For us to put the pieces of the writing puzzle together, we first have to understand what those pieces are. Today I'm going to discuss three writing tips.
Puzzle Piece 1: Who are our readers? This may sound like a simple question and many of us are apt to answer it based on the profession or role of our readers. So, for instance, if you readers are primarily engineers, you may be apt to say that your readers are engineers, and leave it at that. And while engineers are your readers, simply leaving it at that isn't helpful in solving the puzzle.

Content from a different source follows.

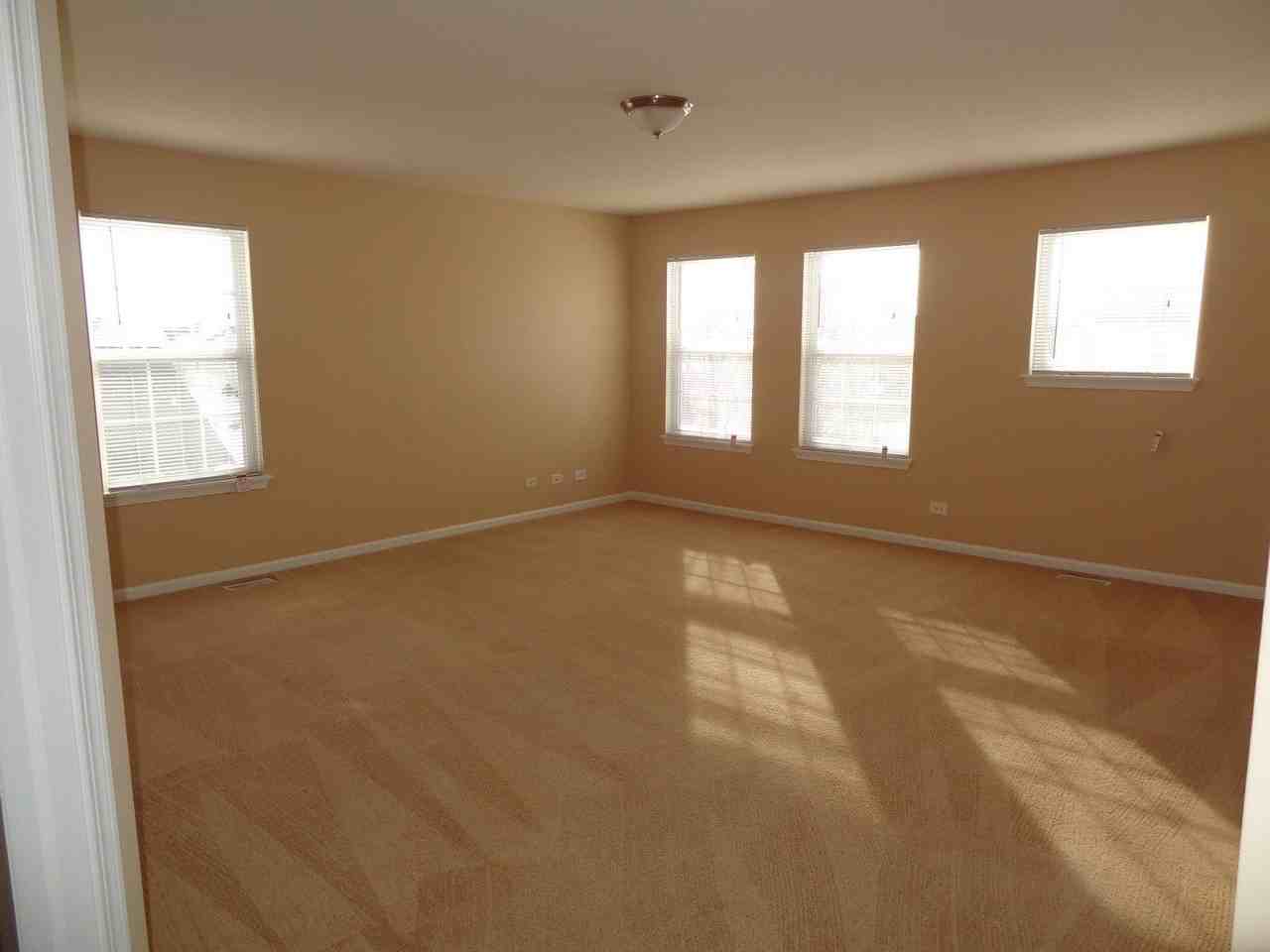 3509 Bailey St - Photo 7 of 31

In fact, when we don't go beyond grouping readers in terms of their jobs, we risk making assumptions about our readers that may, in fact, lead us to write a document that doesn't meet their needs and/or expectations. So, the first part of the puzzle we need to solve is this: What do we know about our readers in terms of what they're looking for in the document, how they'll read the document, and what they expect from the document? What do they know about the topic, what do they need to know and why? The more we can know about our readers the better. When writing a technical or scientific document, understanding as much as we can about our readers is essential.
Puzzle Piece 2: Why are we writing? Again, on the surface, this may seem like a fairly straightforward question. We're writing because we have to report, we have no choice, we have to relay important findings, etc. However, to put this piece of the puzzle in its place, we have to have a greater understanding of purpose; that is, what is it you wish to accomplish via the document? This goes beyond simply saying that you wish to relay findings, etc.; in fact, accomplishment can extend to how you wish your readers to view you and your competence, your ability to do the work, and your ability to understand and solve problems. Think carefully about what you wish to accomplish before you start to write.
Puzzle Piece 3: What kind of message are you sending? In this case, we have to think carefully about a couple of things: how the reader will view the message (positively, negatively, or neutrally) and what medium is the best to use to deliver the message. Many people, for instance, deliver all messages via email when email may not be the best medium, and many writers give little thought to how to organize a message based on the reader and how s/he will perceive the message and/or the kind of message that's being sent. Believe it or not, there are strategies that writers can use to soften the blow of a negative message, enhance the positivity of a positive message, and emphasize a neutral message. But the writer first has to understand the kind of message s/he is sending.
Writing technical and scientific documents can be difficult; however, if we approach writing these documents as though we're putting together a puzzle, we can garner our problem-solving skills and make writing these documents easier.